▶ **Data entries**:
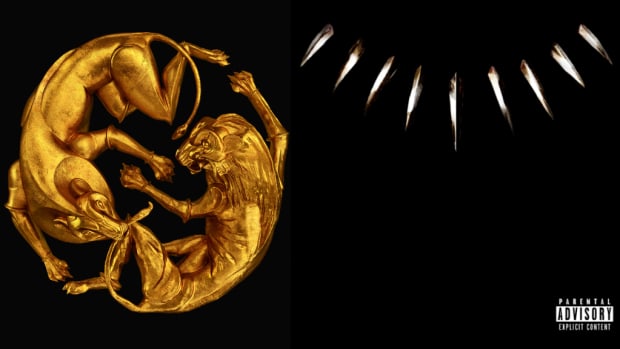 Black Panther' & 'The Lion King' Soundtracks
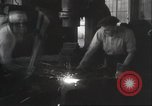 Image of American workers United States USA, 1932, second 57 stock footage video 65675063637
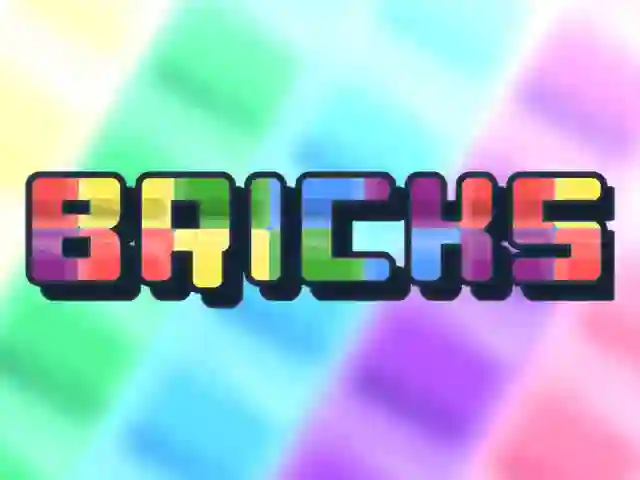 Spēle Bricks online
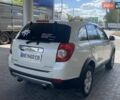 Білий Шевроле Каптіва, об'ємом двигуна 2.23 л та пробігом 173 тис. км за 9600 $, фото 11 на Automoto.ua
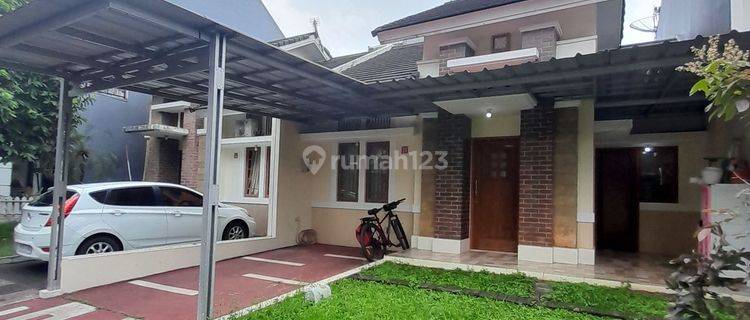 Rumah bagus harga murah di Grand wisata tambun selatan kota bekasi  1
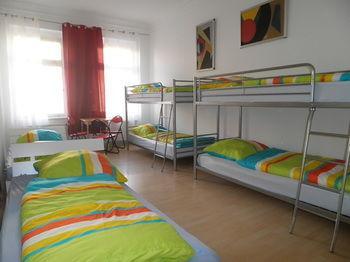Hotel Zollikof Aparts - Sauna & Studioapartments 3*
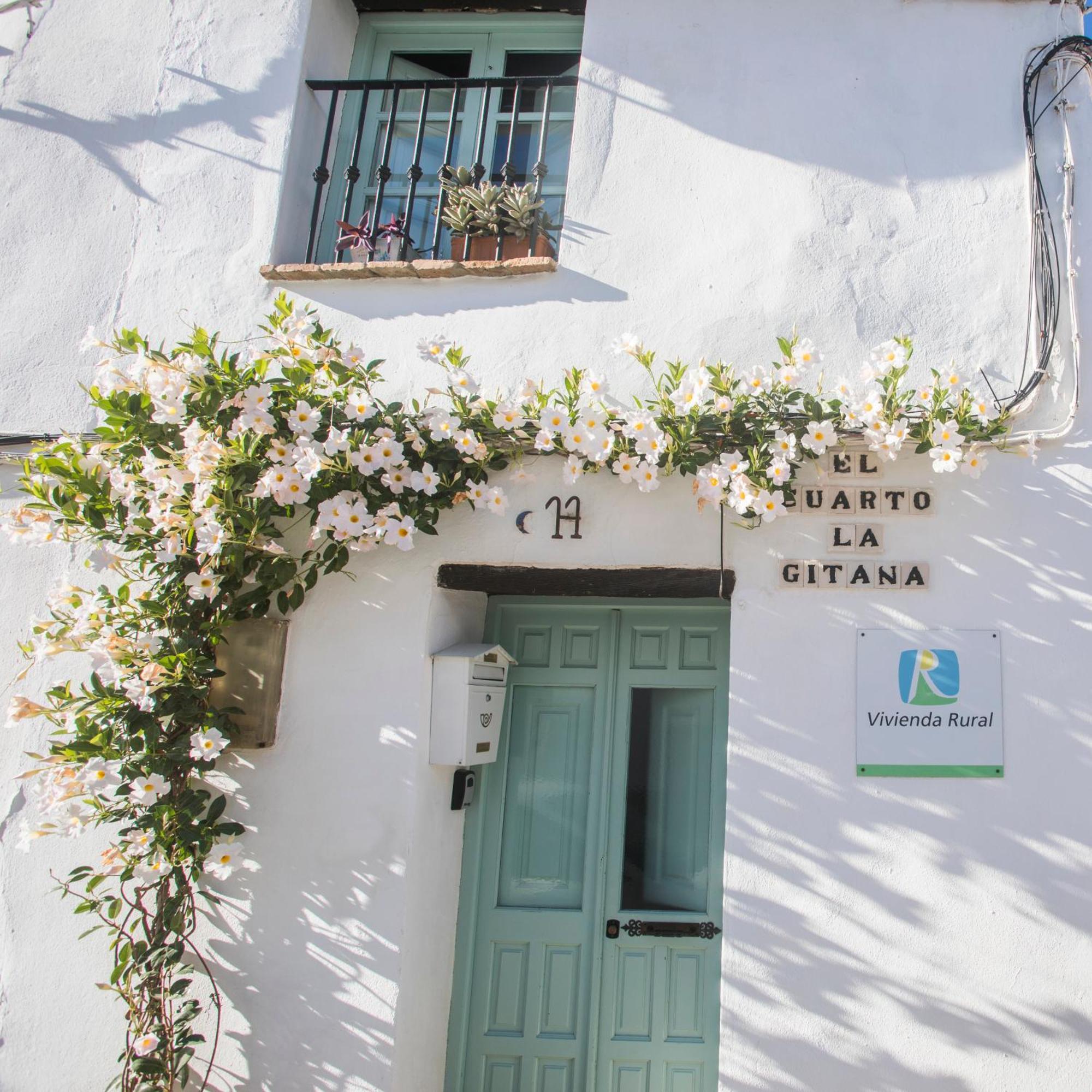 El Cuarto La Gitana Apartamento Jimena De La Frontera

▶ **Instructions to follow**:
Go through the entries above and write them out again exactly, images left behind.

▶ **Written response**:
 Black Panther' & 'The Lion King' Soundtracks
 Image of American workers United States USA, 1932, second 57 stock footage video 65675063637
 Spēle Bricks online
 Білий Шевроле Каптіва, об'ємом двигуна 2.23 л та пробігом 173 тис. км за 9600 $, фото 11 на Automoto.ua
 Rumah bagus harga murah di Grand wisata tambun selatan kota bekasi  1
Hotel Zollikof Aparts - Sauna & Studioapartments 3*
 El Cuarto La Gitana Apartamento Jimena De La Frontera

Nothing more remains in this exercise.